Am 13.3.2025 ist das Buch Läuft von Hülya Marquardt im Adeo Verlag erschienen. Hülya Marquardt wurde 1983 mit einer genetischen Dysmelie der Hände und Beine in einer türkischen Migrant*innenfamilie (3.Generation) im Ruhrgebiet geboren. Im Prolog beschreibt Hülya einen Glücksmoment in ihrem Leben, sie sitzt glücklich im Garten und ist schwanger mit dem ersten Kind und sie beschreibt ihre Dankbarkeit für diesen Moment, als behinderte Frau schwanger zu sein.
Ihr Großvater ist der erste der Familie, der 1960 als erster aus der Familie, der als Gastarbeiter aus der Türkei nach Deutschland kommt, nach einigen Jahren holt er seine Frau und seine Kinder nach Deutschland, darunter Hülyas Vater. Hülyas Großvater erhofft sich eine bessere medizinische Versorgung für Hülyas Vater, denn dieser hat eine Dysmelie.
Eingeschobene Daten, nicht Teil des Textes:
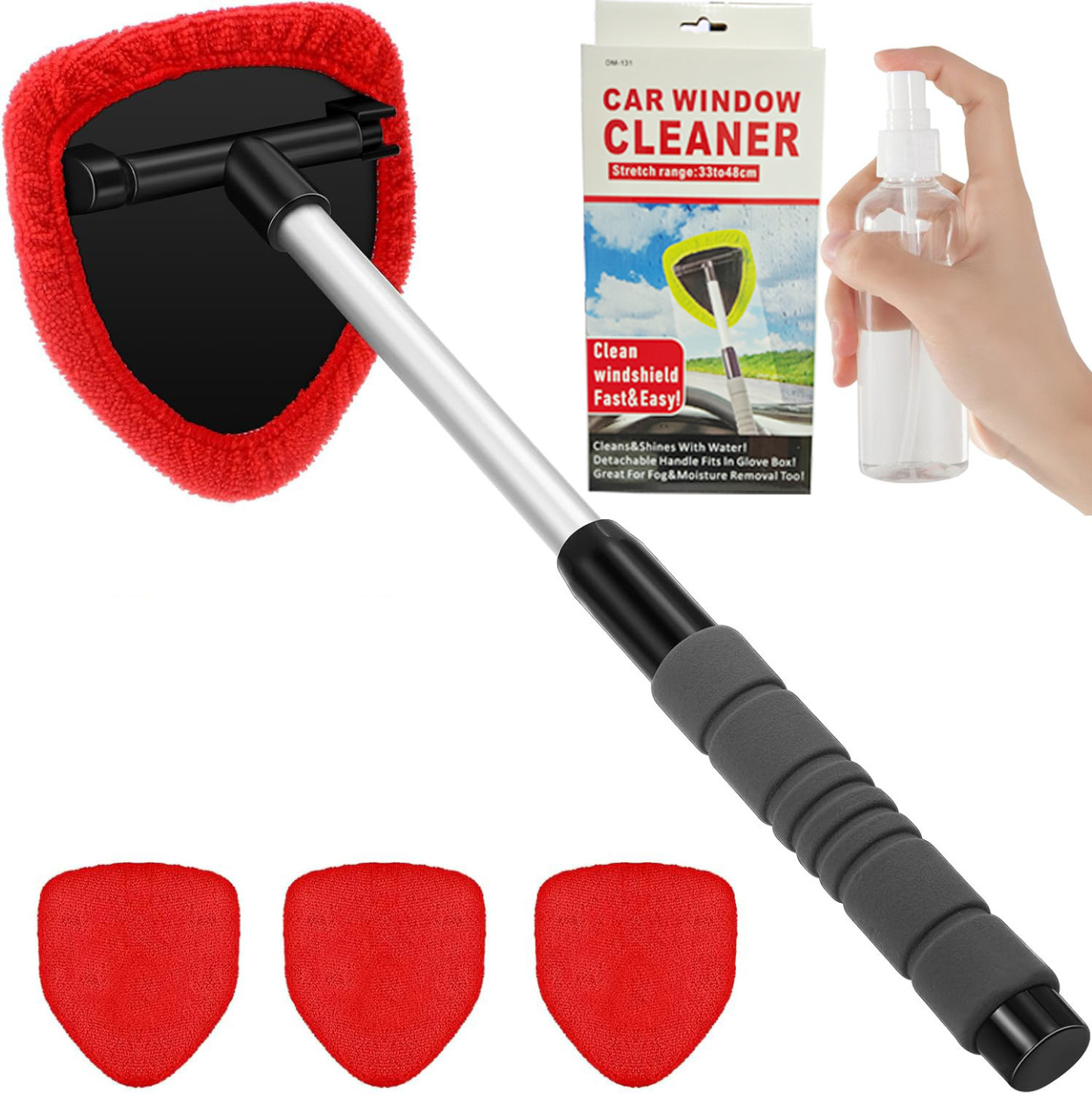 🔥Car Windshield Cleaning Tool with Extendable Handle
Hülyas Vater lernt Hülyas Mutter auf einem Türkei Urlaub kennen, die damals 15 jährige geht nur bedingt freiwillig mit nach Deutschland und heiratet nicht aus freien Stücken.
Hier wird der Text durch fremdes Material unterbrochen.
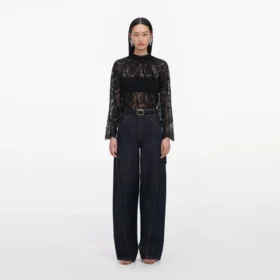Black Lace Blouse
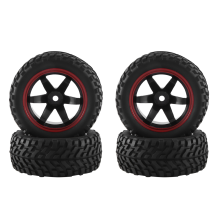 Lot de 4 pneus de 75 mm pour voiture tout-terrain RC TT02B 1/10, 1/12 et 1/14 (modèles 144001, 144010, 124007, 124019)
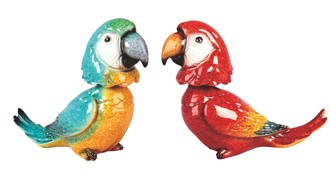Parrots with Bubble Head Set | GSC Imports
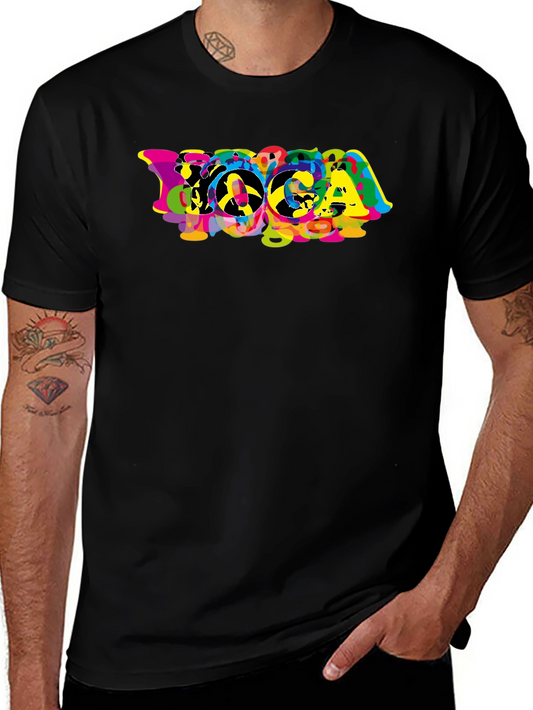 VOCA Colorful Graphic T-Shirt - Trendy Casual Wear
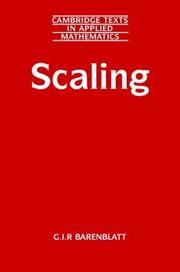 Cover of: Scaling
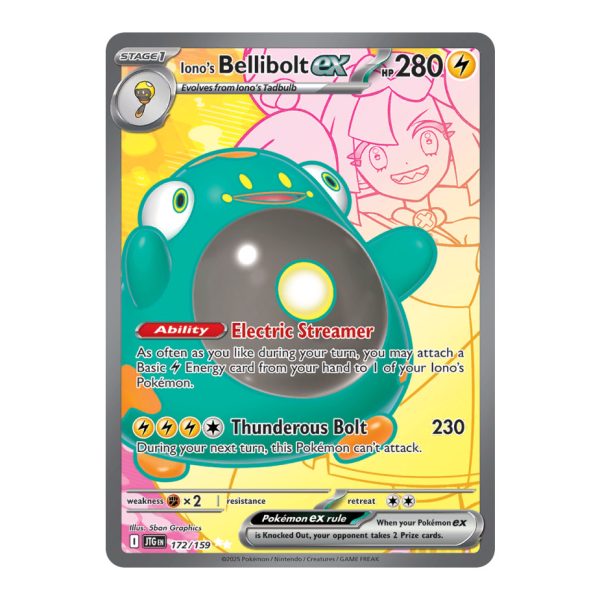 Iono's Bellibolt ex Journey Together 172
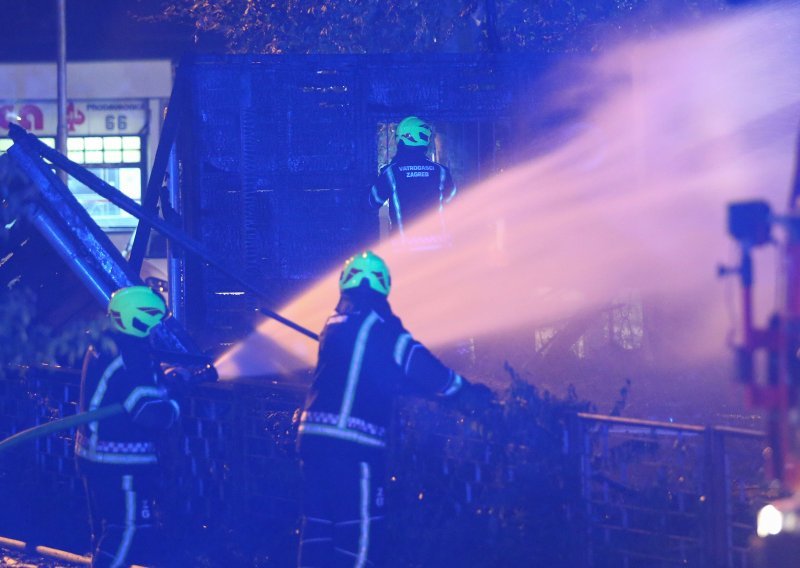 Požar u Zagorju, dvije osobe ozlijeđene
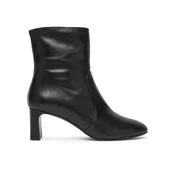 Škornji Stuart Weitzman Babette Zip SL542 Črna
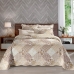 Cobre Leito Buettner Casal Microfibra Renove Estampado 3 Pe&ccedil;as Essency Bege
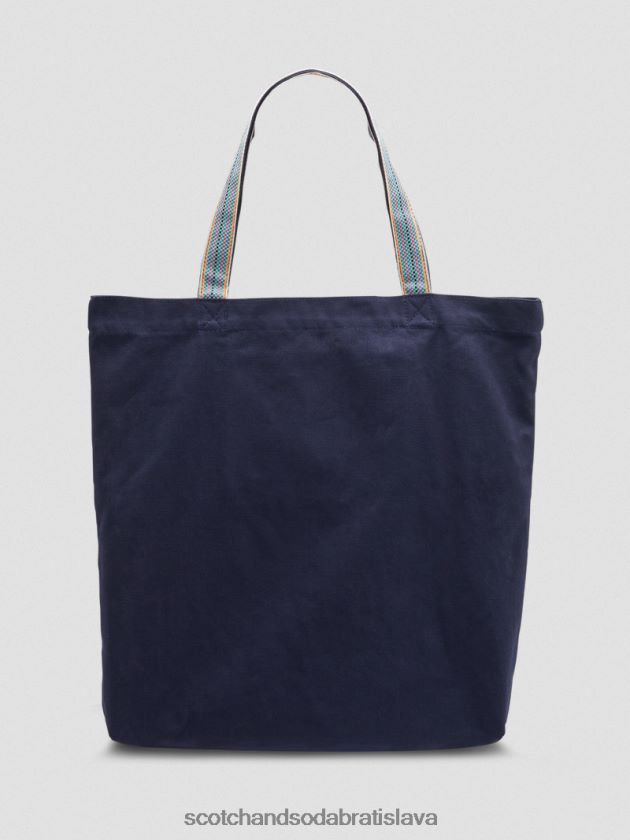 ženy príslušenstvo námorníctvo Scotch & Soda plátenná taška na umelecké diela 4ZV00D269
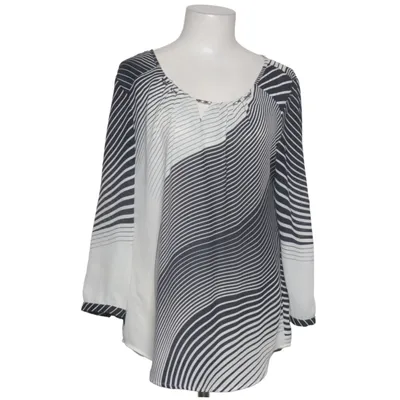 Bluse (Sort, Hvid) fra Le Château Polyester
1983 wurde Hülya mit derselben Dysmelie wie ihr Vater geboren, zumindest ihre Mutter wusste nicht, dass die Dysmelie ihres Mannes genetisch ist und war erst einmal geschockt.
Hülya beschreibt in den folgenden Kapiteln, wie sie zu der selbstbewussten Frau wurde, die sie heute ist.
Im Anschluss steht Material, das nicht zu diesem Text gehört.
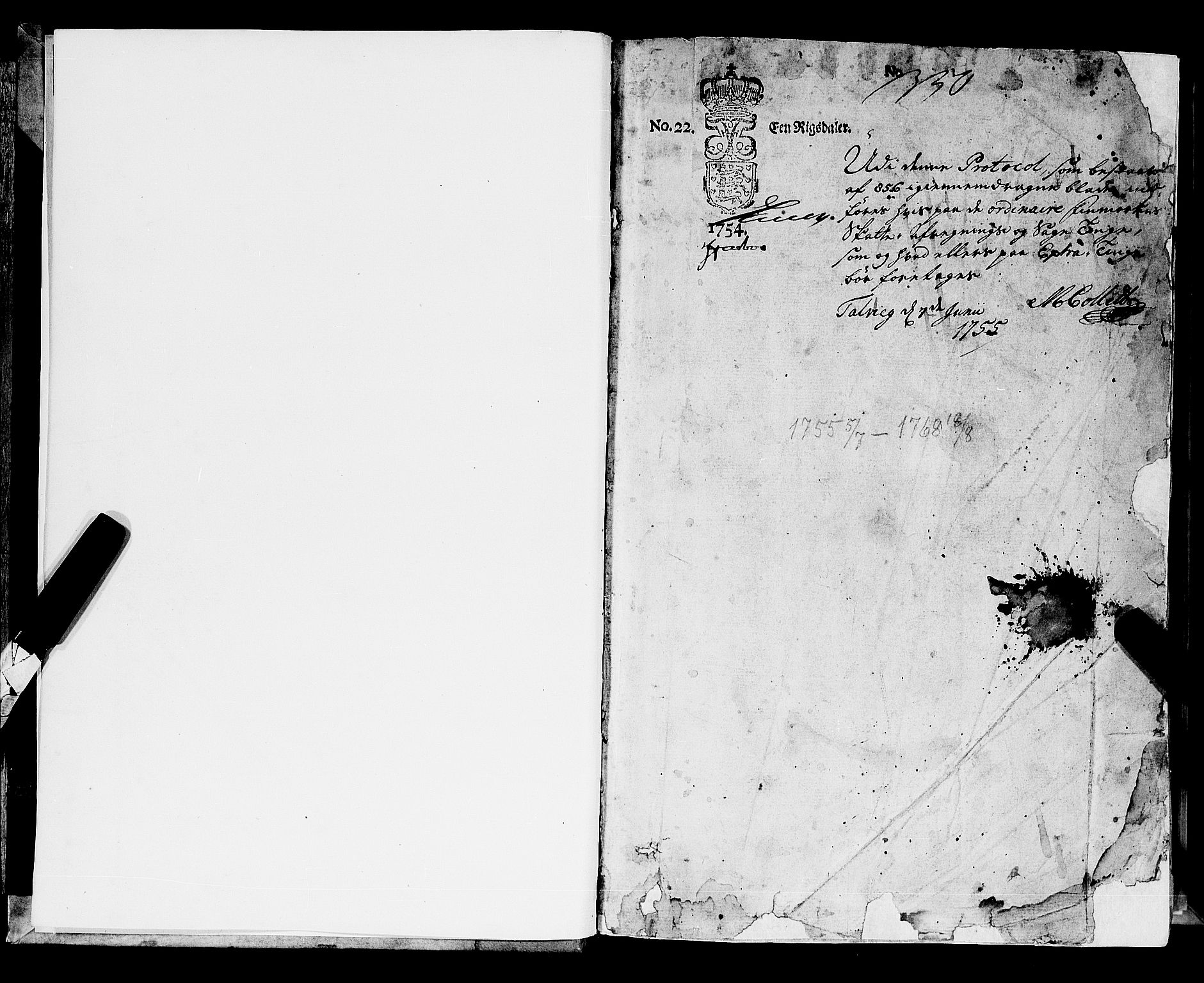 Finnmark sorenskriveri, AV/SATØ-S-0053/F/Fa/L0045: Justisprotokoller, 1755-1762, p. 0-1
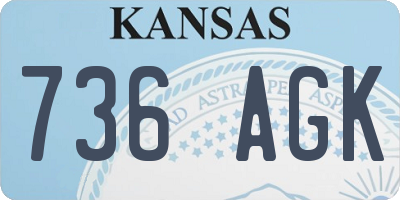 KS license plate 736AGK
Aufgrund vieler Operationen hat Hülya den Großteil ihrer frühen Kindheit im Krankenhaus verbracht, sie schätzt, in den ersten Jahren rund 60%, von ihren Eltern wurde sie in dieser Zeit nicht wirklich unterstützt, sie besuchten Hülya nur selten im Krankenhaus. Die Zeit, die sie in früher Kindheit zuhause verbracht hat, ist eher von Gewalt als von Fürsorge geprägt. Die Zeit der Grundschule ist davon geprägt, dass sie lieber in der Schule ist als zuhause, ihre Grundschule ist eine Regelschule. In der weiterführenden Schule geht Hülya in eine Schule für körperbehinderte Schüler*innen.
Als sich ihre Eltern trennen, zieht Hülya trotz der durch ihn immer wieder ausgeführten Gewalt zu ihrem Vater, der sich nach der Trennung von ihrer Mutter, wie Hülya beschreibt, sich zum besseren verändert. Einige Zeit nach der Scheidung zog Hülyas Mutter wieder in die Türkei zurück.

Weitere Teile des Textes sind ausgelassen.